Incentive Contracts for Public Health Care Provision under Adverse Selection and Moral Hazard
2001/6: Jon Vislie, Økonomisk institutt, UiO, Frischsenteret & HERO. (PDF)
The author will in this paper analyse the issue of payment reforms for a public health care system, where public hospitals offer treatment. Any health care system should provide treatment so as to maximise expected social welfare. The implementation of this outcome, through the way private og public health care providers or hospitals are compensated for the cost of providing services, has been a policy issue in a number of countries. Many payment reforms are now based on a (high-powered) DRG-price system, so as to induce cost consciousness.
The hospitals are privately informed about the diseases of each patient and offer treatment with a stochastic outcome, while cost control cannot be verified. Ex post outcome and realised cost of treatment can be verified, with cost depending on treatment intensity, cost-reducing effort and the type of disease. With a disease-contingent transfer, the hospital is able to capture a rent, which has a social cost due to tax distortions and because rent has no direct weight in the welfare function.

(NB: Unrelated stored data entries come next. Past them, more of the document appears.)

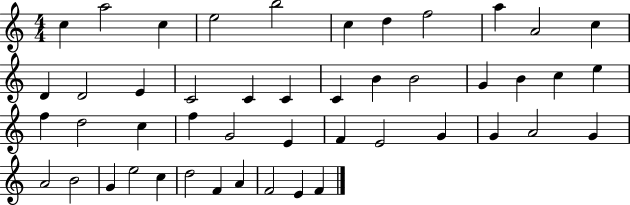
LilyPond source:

{
  \clef treble
  \numericTimeSignature
  \time 4/4
  \key c \major
  c''4 a''2 c''4 | e''2 b''2 | c''4 d''4 f''2 | a''4 a'2 c''4 | \break d'4 d'2 e'4 | c'2 c'4 c'4 | c'4 b'4 b'2 | g'4 b'4 c''4 e''4 | \break f''4 d''2 c''4 | f''4 g'2 e'4 | f'4 e'2 g'4 | g'4 a'2 g'4 | \break a'2 b'2 | g'4 e''2 c''4 | d''2 f'4 a'4 | f'2 e'4 f'4 | \break \bar "|."
}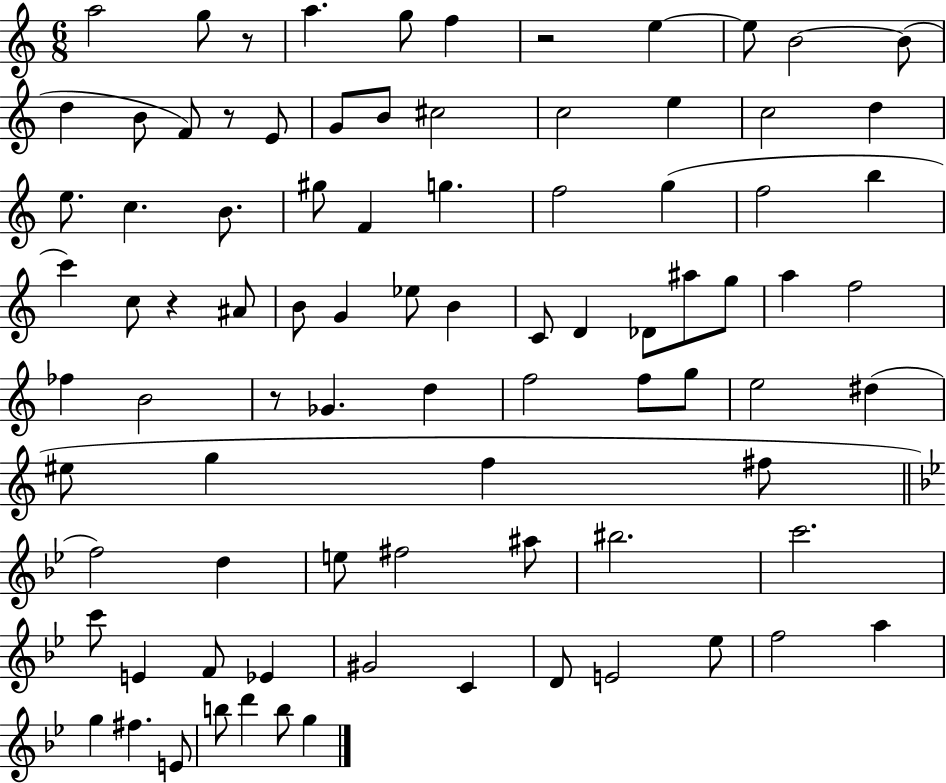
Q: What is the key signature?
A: C major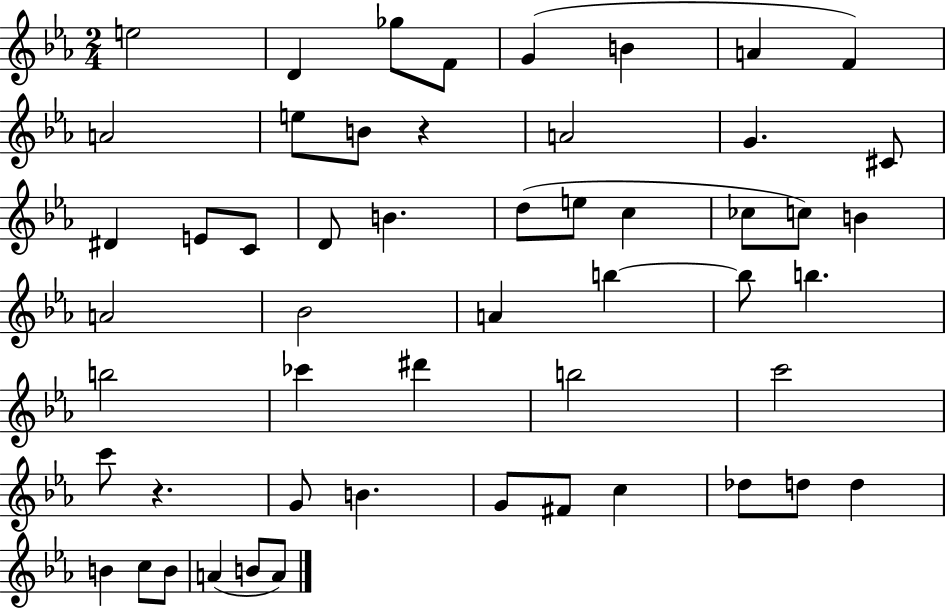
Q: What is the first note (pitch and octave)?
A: E5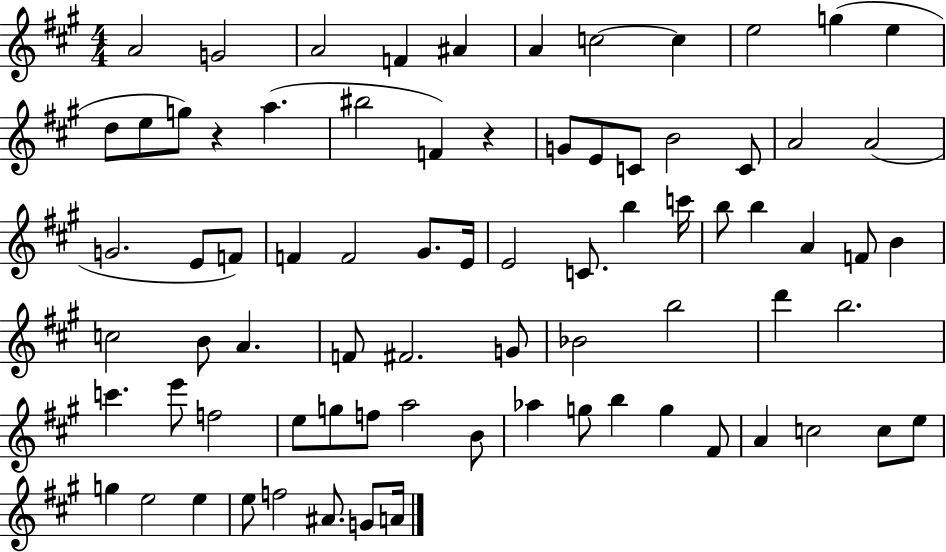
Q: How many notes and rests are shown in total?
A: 77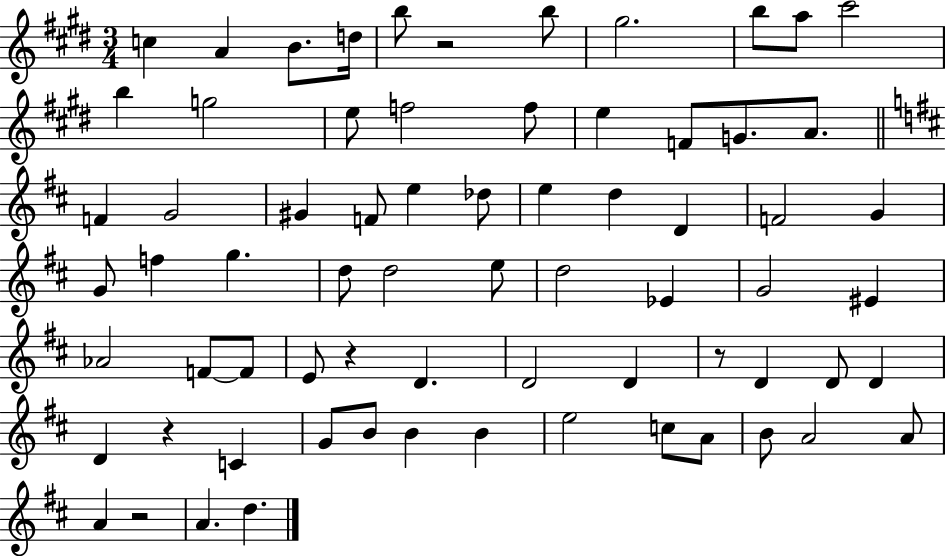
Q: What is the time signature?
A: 3/4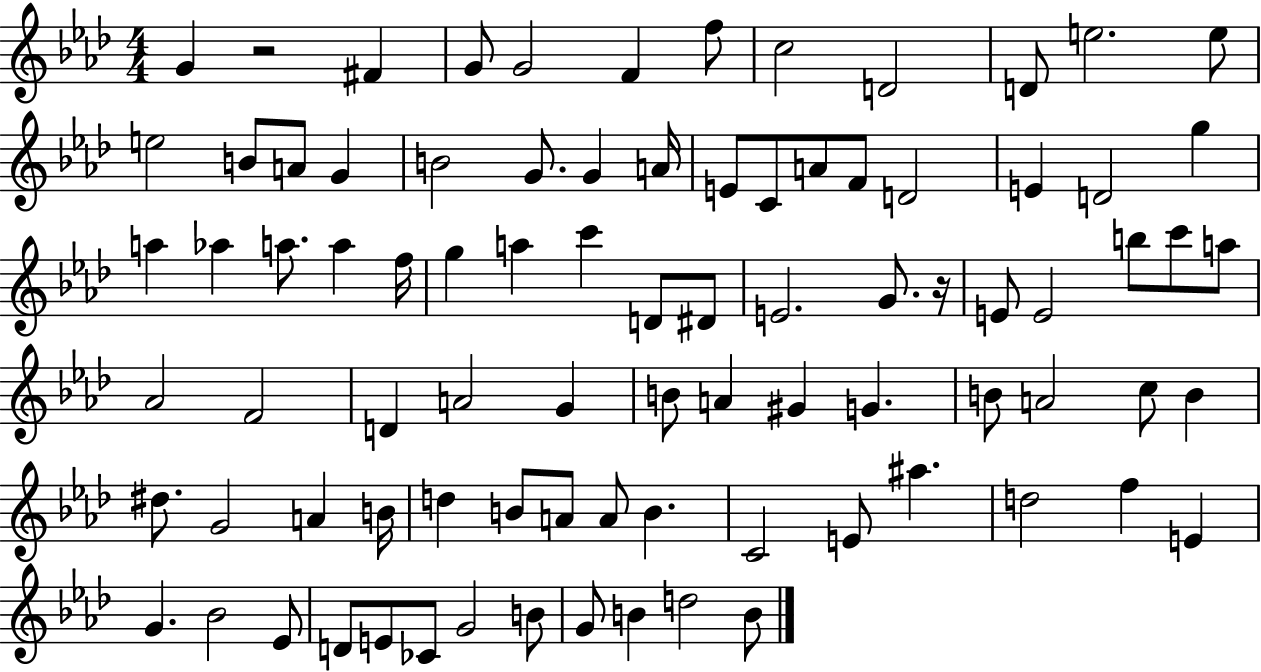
X:1
T:Untitled
M:4/4
L:1/4
K:Ab
G z2 ^F G/2 G2 F f/2 c2 D2 D/2 e2 e/2 e2 B/2 A/2 G B2 G/2 G A/4 E/2 C/2 A/2 F/2 D2 E D2 g a _a a/2 a f/4 g a c' D/2 ^D/2 E2 G/2 z/4 E/2 E2 b/2 c'/2 a/2 _A2 F2 D A2 G B/2 A ^G G B/2 A2 c/2 B ^d/2 G2 A B/4 d B/2 A/2 A/2 B C2 E/2 ^a d2 f E G _B2 _E/2 D/2 E/2 _C/2 G2 B/2 G/2 B d2 B/2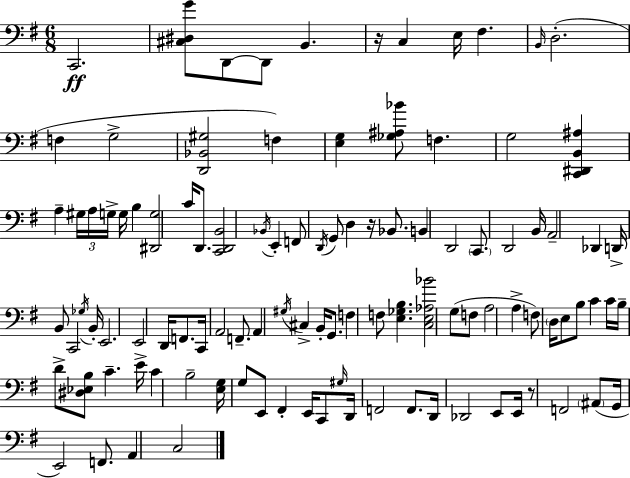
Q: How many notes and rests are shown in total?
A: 105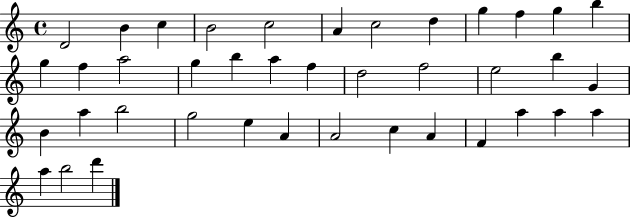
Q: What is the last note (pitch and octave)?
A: D6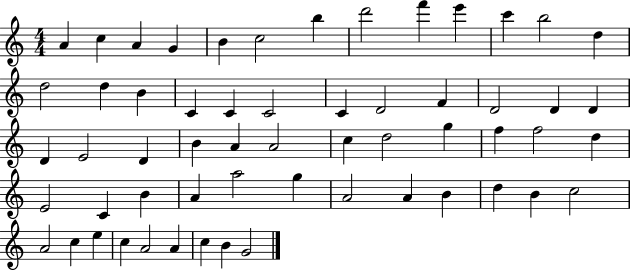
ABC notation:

X:1
T:Untitled
M:4/4
L:1/4
K:C
A c A G B c2 b d'2 f' e' c' b2 d d2 d B C C C2 C D2 F D2 D D D E2 D B A A2 c d2 g f f2 d E2 C B A a2 g A2 A B d B c2 A2 c e c A2 A c B G2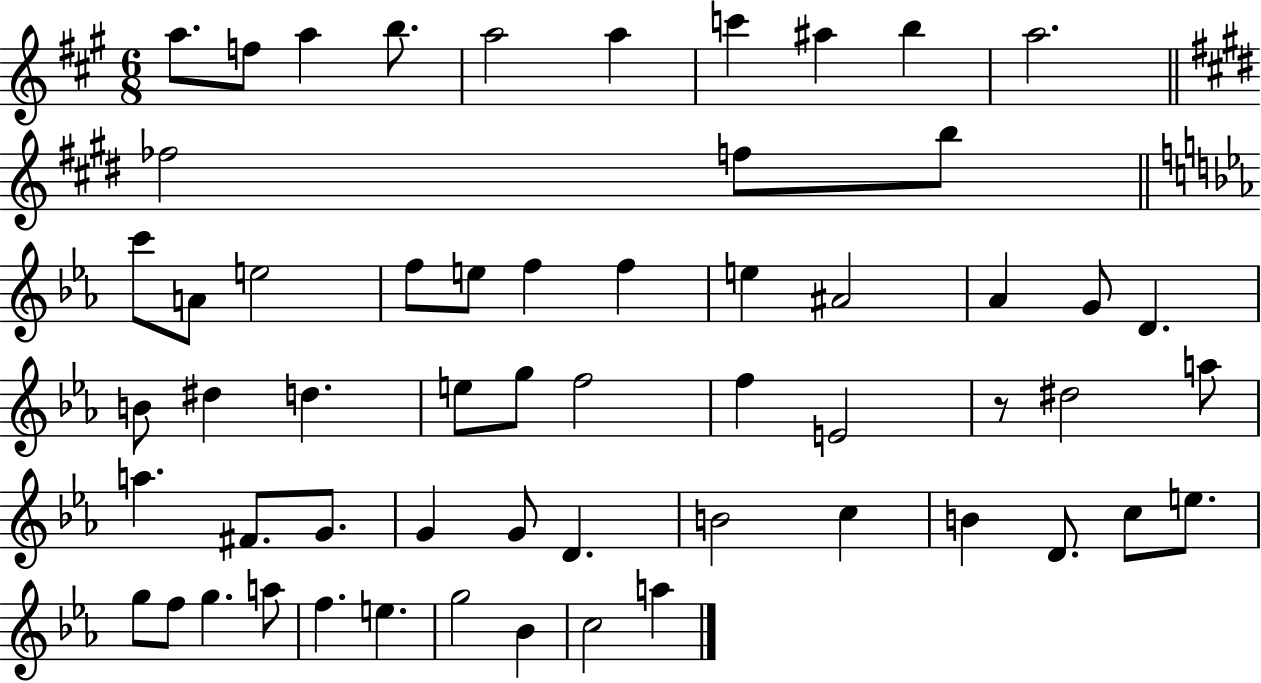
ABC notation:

When type of treatment can be verified, treatment should be less intensive than under complete information, if marginal cost of treatment is disease-dependent. However, rent extraction is accomplished not only by a less aggressive treatment (which has a negative impact on the likelihood for recovery), but also by offering a cost-reimbursement scheme, without any recovery-contingent bonus. When treatment is unverifiable, induced treatment should again be below the first-best level. This solution is implemented through a combination of a recovery-contingent bonus (declining in severity) and cost sharing (with the fraction of cost being reimbursed by the government being increasing in severity).